Return to Transcripts main page
Early Start with John Berman and Zoraida Sambolin
CDC Breaks with Advisers, Recommends Boosters for People in High-Risk Jobs and Settings; "Fraudit's" Obvious Conclusion: Biden Won; Jan. 6 Committee Subpoenas Meadows, Scavino, Bannon and Patel. Aired 5-5:30a ET
Aired September 24, 2021 - 05:00 ET
THIS IS A RUSH TRANSCRIPT. THIS COPY MAY NOT BE IN ITS FINAL FORM AND MAY BE UPDATED.
[05:00:10]
CHRISTINE ROMANS, CNN ANCHOR: Breaking this morning: a COVID boost for some Americans. How the CDC director went against her own advisers to get more shots in arms.
LAURA JARRETT, CNN ANCHOR: Bogus, a sham, a so-called audit, and now, it's finally done. Months and money wasted away in Arizona to confirm Biden won in November.
ROMANS: And the first subpoenas from the House committee investigating the Capitol riots, who is on the list and why.
It is Friday, September 24th. Happy Friday, everybody. End of the week. It's 5:00 a.m. in New York. Thanks for getting an early start with us this morning. I'm Christine Romans.
JARRETT: I'm Laura Jarrett. So much to get to this morning.
ROMANS: Right.
JARRETT: Welcome to our viewers in the United States and all around the world.

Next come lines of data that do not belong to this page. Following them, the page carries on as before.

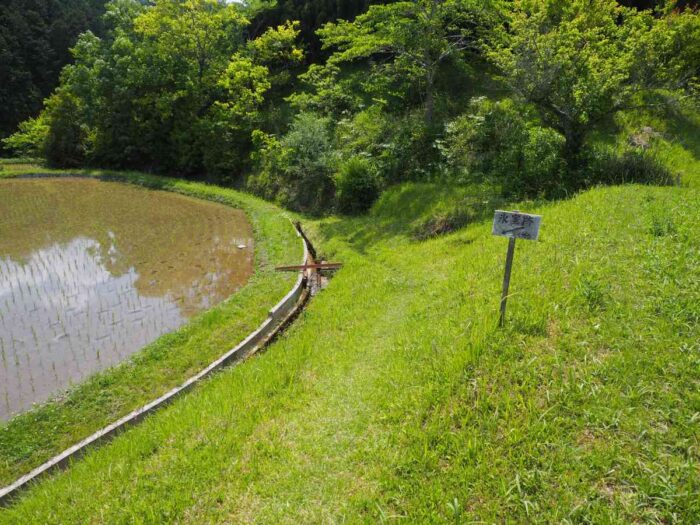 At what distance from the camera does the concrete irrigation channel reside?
4.43 m

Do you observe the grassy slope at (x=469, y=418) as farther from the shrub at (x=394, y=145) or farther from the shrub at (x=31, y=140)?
the shrub at (x=31, y=140)

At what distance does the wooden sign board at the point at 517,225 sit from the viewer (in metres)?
3.75

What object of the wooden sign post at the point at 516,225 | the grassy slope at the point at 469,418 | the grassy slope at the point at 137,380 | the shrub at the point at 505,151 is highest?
the shrub at the point at 505,151

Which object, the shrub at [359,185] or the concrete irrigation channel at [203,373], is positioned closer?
the concrete irrigation channel at [203,373]

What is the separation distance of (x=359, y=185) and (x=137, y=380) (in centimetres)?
873

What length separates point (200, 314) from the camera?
26.6 ft

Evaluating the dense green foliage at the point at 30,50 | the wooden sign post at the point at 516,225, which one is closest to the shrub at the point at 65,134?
the dense green foliage at the point at 30,50

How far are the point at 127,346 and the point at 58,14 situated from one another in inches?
1953

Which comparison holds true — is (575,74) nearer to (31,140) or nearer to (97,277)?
(97,277)

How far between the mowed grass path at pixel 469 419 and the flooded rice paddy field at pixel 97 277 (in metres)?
2.51

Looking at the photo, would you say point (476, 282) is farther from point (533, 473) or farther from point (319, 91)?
point (319, 91)

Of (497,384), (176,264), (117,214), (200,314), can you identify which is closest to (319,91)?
(117,214)

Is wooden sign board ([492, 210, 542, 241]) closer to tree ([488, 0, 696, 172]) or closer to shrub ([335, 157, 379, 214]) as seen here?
tree ([488, 0, 696, 172])

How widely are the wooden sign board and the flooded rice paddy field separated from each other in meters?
6.27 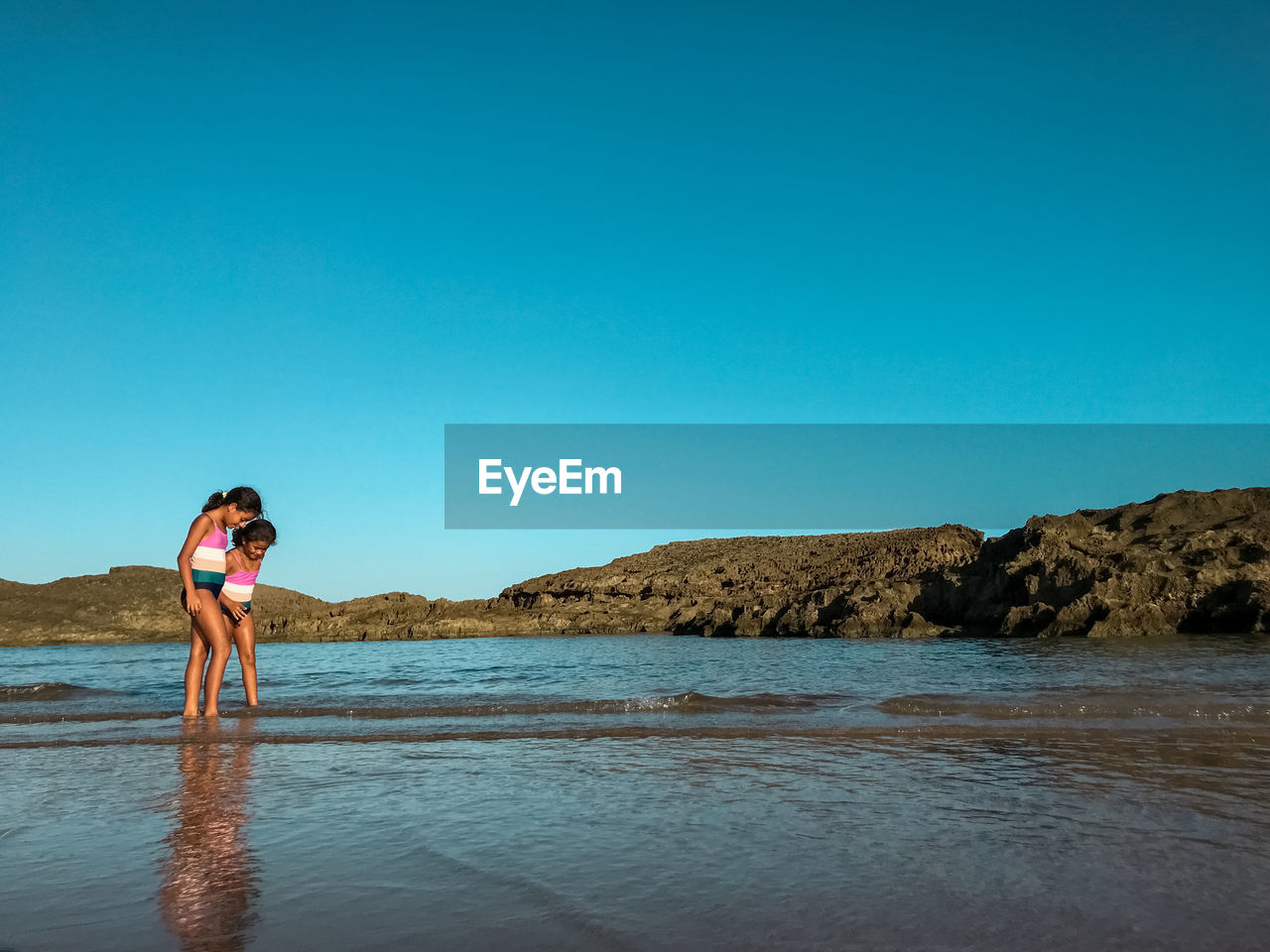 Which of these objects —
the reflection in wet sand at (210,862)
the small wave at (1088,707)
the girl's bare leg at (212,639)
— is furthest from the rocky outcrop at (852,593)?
the reflection in wet sand at (210,862)

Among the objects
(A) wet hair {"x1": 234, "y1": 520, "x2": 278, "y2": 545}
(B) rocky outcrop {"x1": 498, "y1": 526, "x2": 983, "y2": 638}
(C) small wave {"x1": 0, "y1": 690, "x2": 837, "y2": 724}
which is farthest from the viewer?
(B) rocky outcrop {"x1": 498, "y1": 526, "x2": 983, "y2": 638}

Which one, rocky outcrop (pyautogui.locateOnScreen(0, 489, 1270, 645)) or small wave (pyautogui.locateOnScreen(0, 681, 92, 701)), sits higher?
rocky outcrop (pyautogui.locateOnScreen(0, 489, 1270, 645))

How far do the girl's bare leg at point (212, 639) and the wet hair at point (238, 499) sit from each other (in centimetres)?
78

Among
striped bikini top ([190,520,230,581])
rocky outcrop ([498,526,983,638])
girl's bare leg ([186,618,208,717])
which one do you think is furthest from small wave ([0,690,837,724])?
rocky outcrop ([498,526,983,638])

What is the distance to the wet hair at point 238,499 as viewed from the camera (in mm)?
7340

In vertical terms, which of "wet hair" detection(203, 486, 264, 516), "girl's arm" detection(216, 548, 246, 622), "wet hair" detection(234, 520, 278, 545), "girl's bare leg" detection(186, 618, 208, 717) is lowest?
"girl's bare leg" detection(186, 618, 208, 717)

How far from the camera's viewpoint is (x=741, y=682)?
1053cm

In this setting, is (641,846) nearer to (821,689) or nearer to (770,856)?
(770,856)

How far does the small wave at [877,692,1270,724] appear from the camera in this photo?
6.38 meters

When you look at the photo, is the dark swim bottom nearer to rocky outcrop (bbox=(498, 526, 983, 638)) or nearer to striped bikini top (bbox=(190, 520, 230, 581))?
striped bikini top (bbox=(190, 520, 230, 581))

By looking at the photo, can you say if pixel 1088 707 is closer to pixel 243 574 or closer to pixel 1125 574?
pixel 243 574

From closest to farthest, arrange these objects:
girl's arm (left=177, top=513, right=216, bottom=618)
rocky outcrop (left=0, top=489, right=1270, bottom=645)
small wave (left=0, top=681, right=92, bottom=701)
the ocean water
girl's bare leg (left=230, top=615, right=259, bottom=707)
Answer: the ocean water, girl's arm (left=177, top=513, right=216, bottom=618), girl's bare leg (left=230, top=615, right=259, bottom=707), small wave (left=0, top=681, right=92, bottom=701), rocky outcrop (left=0, top=489, right=1270, bottom=645)

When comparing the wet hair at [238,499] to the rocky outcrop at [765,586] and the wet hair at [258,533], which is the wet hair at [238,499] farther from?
the rocky outcrop at [765,586]

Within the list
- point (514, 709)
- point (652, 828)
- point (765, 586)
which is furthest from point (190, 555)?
point (765, 586)
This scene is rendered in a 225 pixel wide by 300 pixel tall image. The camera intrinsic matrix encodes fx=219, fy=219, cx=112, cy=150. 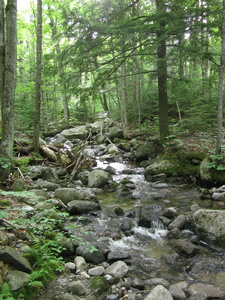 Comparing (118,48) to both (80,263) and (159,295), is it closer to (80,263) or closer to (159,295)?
(80,263)

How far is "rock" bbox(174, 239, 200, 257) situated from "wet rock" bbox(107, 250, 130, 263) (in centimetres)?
106

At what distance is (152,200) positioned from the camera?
7.15 meters

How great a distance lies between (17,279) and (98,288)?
3.74 ft

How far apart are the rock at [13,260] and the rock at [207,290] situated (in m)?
2.43

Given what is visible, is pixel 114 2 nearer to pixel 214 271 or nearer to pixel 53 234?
pixel 53 234

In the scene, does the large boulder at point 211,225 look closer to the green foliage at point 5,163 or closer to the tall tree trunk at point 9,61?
the green foliage at point 5,163

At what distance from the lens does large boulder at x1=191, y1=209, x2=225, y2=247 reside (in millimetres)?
4613

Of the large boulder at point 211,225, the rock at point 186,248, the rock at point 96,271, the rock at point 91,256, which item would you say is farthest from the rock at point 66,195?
the large boulder at point 211,225

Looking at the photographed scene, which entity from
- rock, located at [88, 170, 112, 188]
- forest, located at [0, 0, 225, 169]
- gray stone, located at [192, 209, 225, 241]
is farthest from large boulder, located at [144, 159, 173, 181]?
gray stone, located at [192, 209, 225, 241]

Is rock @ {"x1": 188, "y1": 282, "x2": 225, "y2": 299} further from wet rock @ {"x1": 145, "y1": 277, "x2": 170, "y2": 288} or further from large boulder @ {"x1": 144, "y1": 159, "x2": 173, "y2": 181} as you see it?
large boulder @ {"x1": 144, "y1": 159, "x2": 173, "y2": 181}

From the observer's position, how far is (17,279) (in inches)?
105

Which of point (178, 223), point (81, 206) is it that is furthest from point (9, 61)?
point (178, 223)

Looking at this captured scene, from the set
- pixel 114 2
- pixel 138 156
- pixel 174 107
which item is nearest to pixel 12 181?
pixel 138 156

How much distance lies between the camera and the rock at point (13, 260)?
275 cm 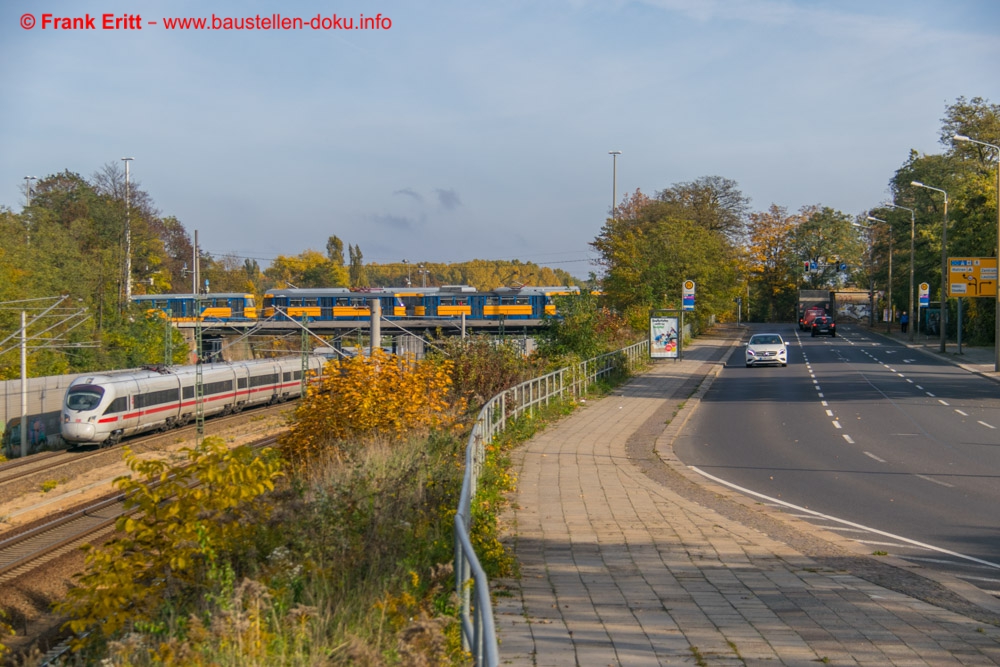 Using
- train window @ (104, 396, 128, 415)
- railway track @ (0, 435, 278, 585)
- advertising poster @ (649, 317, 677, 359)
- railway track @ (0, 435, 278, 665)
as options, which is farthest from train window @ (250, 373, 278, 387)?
railway track @ (0, 435, 278, 585)

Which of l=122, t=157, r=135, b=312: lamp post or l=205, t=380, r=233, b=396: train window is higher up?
l=122, t=157, r=135, b=312: lamp post

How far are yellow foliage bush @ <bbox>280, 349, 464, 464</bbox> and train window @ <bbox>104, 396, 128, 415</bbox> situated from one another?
18491mm

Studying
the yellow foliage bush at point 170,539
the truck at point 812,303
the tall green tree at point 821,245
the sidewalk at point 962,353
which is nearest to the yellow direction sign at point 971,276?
the sidewalk at point 962,353

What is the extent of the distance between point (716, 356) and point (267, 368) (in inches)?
911

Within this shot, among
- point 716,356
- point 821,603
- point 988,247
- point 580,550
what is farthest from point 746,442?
point 988,247

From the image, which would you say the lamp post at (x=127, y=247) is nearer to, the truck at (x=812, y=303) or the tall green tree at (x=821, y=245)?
the truck at (x=812, y=303)

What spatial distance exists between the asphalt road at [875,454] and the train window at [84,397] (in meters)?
20.0

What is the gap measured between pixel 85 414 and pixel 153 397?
3457 mm

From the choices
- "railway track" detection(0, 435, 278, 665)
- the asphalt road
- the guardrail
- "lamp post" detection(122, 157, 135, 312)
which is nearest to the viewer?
the guardrail

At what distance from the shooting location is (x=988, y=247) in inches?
1923

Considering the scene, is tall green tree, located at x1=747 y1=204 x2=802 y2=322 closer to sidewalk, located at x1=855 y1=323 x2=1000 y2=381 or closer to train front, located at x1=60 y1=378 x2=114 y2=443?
sidewalk, located at x1=855 y1=323 x2=1000 y2=381

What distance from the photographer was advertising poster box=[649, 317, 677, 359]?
38406 mm

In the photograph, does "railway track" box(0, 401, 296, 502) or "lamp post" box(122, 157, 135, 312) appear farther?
"lamp post" box(122, 157, 135, 312)

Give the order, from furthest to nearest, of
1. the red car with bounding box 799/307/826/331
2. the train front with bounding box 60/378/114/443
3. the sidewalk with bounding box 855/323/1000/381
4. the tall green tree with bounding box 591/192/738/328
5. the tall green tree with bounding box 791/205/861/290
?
the tall green tree with bounding box 791/205/861/290 < the red car with bounding box 799/307/826/331 < the tall green tree with bounding box 591/192/738/328 < the sidewalk with bounding box 855/323/1000/381 < the train front with bounding box 60/378/114/443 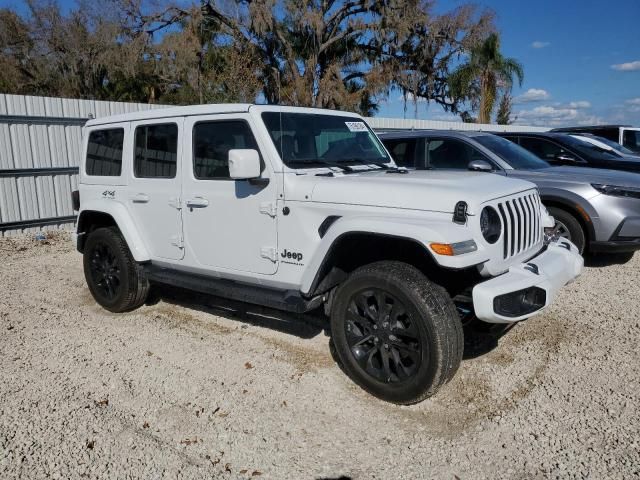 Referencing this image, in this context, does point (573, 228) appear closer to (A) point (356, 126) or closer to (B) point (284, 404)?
(A) point (356, 126)

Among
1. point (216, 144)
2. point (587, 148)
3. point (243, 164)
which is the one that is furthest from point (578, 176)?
point (243, 164)

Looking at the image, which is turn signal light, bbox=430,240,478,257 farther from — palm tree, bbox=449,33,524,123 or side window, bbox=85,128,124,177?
palm tree, bbox=449,33,524,123

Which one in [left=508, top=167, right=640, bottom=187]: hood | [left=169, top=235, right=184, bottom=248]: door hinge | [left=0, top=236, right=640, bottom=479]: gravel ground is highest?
[left=508, top=167, right=640, bottom=187]: hood

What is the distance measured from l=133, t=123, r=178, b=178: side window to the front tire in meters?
2.04

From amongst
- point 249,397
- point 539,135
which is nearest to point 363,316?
point 249,397

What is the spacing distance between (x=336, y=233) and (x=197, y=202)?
4.77 feet

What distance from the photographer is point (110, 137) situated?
17.3 feet

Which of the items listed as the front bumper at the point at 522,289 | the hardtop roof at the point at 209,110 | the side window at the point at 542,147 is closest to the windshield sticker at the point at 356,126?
the hardtop roof at the point at 209,110

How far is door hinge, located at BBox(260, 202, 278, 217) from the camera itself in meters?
3.86

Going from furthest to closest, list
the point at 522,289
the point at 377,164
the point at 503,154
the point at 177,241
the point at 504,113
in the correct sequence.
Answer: the point at 504,113, the point at 503,154, the point at 177,241, the point at 377,164, the point at 522,289

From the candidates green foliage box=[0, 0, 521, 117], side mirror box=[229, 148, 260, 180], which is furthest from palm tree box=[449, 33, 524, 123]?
side mirror box=[229, 148, 260, 180]

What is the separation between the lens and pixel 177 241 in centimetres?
462

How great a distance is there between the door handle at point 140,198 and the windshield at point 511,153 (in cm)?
441

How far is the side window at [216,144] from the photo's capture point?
4.12 meters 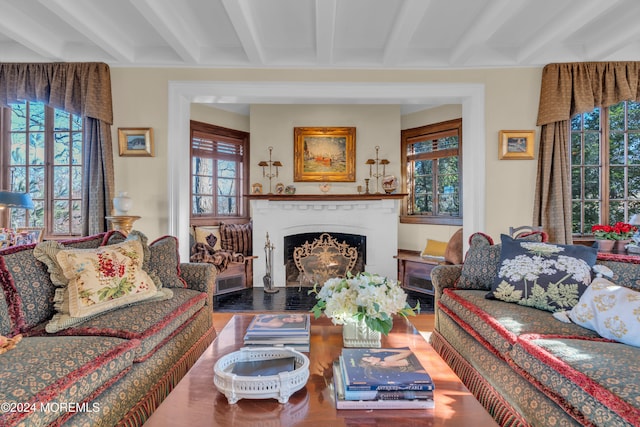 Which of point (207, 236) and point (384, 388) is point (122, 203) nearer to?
point (207, 236)

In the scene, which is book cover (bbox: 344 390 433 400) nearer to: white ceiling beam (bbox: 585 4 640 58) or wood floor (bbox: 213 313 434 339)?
wood floor (bbox: 213 313 434 339)

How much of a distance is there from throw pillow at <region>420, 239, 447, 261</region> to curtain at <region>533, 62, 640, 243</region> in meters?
1.34

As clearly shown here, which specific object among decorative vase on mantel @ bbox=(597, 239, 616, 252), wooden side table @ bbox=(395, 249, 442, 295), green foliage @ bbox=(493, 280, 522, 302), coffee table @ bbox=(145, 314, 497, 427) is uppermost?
decorative vase on mantel @ bbox=(597, 239, 616, 252)

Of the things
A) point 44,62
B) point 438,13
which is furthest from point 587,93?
point 44,62

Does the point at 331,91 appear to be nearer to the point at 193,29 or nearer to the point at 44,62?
the point at 193,29

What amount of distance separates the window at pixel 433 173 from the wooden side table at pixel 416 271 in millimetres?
730

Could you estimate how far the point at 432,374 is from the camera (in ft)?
4.25

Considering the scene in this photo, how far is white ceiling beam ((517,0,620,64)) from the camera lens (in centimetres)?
243

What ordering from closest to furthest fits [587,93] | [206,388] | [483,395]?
[206,388] → [483,395] → [587,93]

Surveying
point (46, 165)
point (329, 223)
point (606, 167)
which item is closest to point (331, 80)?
point (329, 223)

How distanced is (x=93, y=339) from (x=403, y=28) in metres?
2.89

We have reports this morning from Capitol Hill, Haiti, Mexico and Germany.
But we begin with the big breaking news this morning. The CDC director now recommends vaccine booster shots for front line workers at high risk for COVID. We're talking people like teachers, health care workers and others whose jobs put them at risk. By expanding who can get a shot, Dr. Rochelle Walensky went against her own vaccine's advisers. The CDC advisers had disagreed boosters were needed by these big groups of young healthy people.
ROMANS: So, today, boosters for more people can officially begin in the United States. Now, if you're fuzzy on the guidelines, you're not alone.
(BEGIN VIDEO CLIP)
DR. SCOTT GOTTLIEB, FORMER FDA CONSULTANT: I think the problem here is this is a byzantine schedule for who is eligible that is going to be hard to implement. If the guidance is this confusing and requires this many steps, and it's hard to assure eligibility, it's going to ultimately create obstacles at the counter to people who already in many cases face obstacles getting access to health care.
(END VIDEO CLIP)
ROMANS: So here's what the CDC accepted the recommendations. These recommendations from the FDA. Boosters for people 65 and older. For residents of long term care facilities who received the Pfizer vaccine at least six months ago, and for people 50 to 64 years old with underlying medical conditions.
JARRETT: Also breaking overnight, that sham audit of ballots cast in Arizona last November, confirms President Biden defeated Donald Trump. What's worse, after saddling taxpayers with roughly $425,000 in expenses for this partisan project, the draft report commissioned by state Senate Republicans reveals that President Biden won 99 more votes in Maricopa County, while former president Trump earned 261 fewer votes.
ROMANS: It cost --
JARRETT: That's what it's all for.
ROMANS: -- $425,000 and lots of agony for that. Even so, election experts of both parties have been saying for months the results of this phony audit, audit in air quotes, conducted in actual carnival running out front would not be credible.
It was run haphazardly by a Florida company, a company called Cyber Ninjas which CNN found had an empty office, no experience auditing elections, and was led by a man who repeated wild conspiracy theories about election fraud.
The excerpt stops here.